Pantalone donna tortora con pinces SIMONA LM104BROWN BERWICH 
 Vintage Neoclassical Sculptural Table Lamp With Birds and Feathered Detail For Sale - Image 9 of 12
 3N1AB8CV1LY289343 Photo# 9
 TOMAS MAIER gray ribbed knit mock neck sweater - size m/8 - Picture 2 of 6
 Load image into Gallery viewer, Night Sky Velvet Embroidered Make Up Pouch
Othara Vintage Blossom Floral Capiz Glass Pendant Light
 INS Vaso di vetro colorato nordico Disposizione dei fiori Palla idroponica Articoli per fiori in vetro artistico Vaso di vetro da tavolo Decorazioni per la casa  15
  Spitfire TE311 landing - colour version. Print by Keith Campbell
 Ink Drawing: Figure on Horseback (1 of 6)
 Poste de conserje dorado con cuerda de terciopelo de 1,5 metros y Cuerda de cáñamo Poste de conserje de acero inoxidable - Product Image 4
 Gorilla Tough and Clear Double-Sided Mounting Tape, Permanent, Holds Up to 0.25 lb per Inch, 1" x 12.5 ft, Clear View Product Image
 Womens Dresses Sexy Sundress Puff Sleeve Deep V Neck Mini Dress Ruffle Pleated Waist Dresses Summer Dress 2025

====

All lines in the records that contain "Vintage" are to be copied and returned.

 Vintage Neoclassical Sculptural Table Lamp With Birds and Feathered Detail For Sale - Image 9 of 12
Othara Vintage Blossom Floral Capiz Glass Pendant Light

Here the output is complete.